* SUPPLIED DATA *
Start of Block

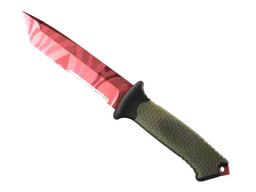 ★ Ursus Knife | Slaughter (Factory New)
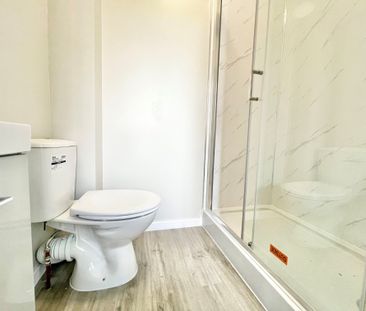 studio to rent St. Stephens Road, Norwich, Norfolk, NR1 - Photo 1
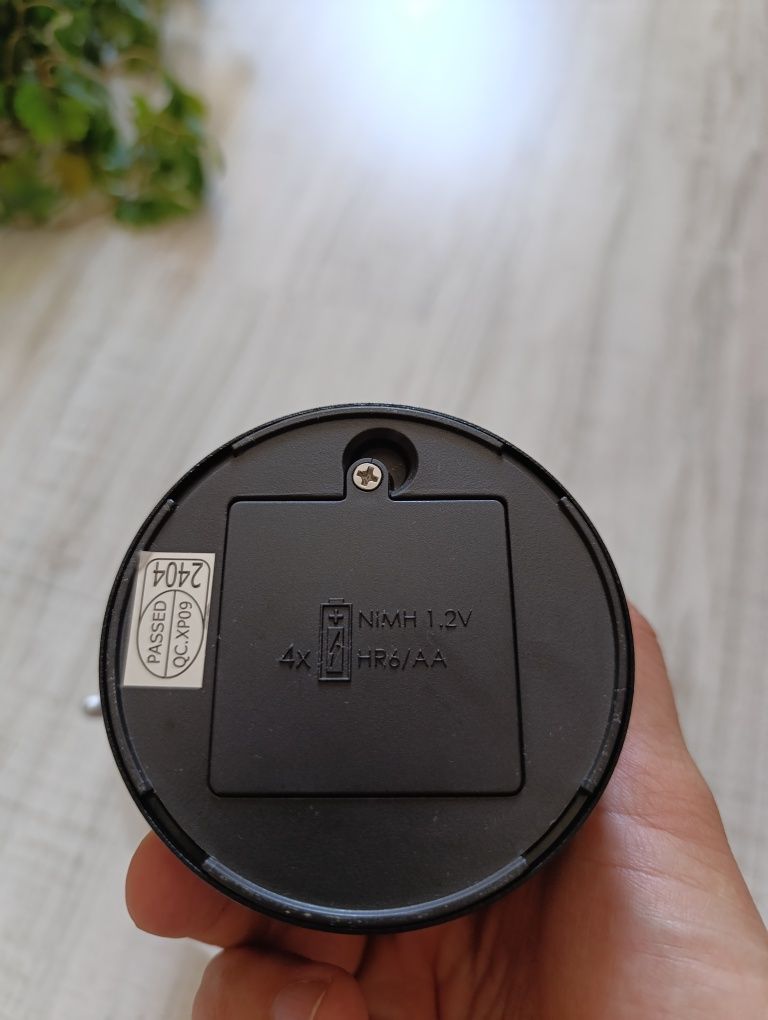 Lampka nocna IKEA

End of Block

* REQUIREMENT *
Please repeat all of the data exactly, excluding images.

* REPLY TO THE EXERCISE *
 ★ Ursus Knife | Slaughter (Factory New)
 studio to rent St. Stephens Road, Norwich, Norfolk, NR1 - Photo 1
 Lampka nocna IKEA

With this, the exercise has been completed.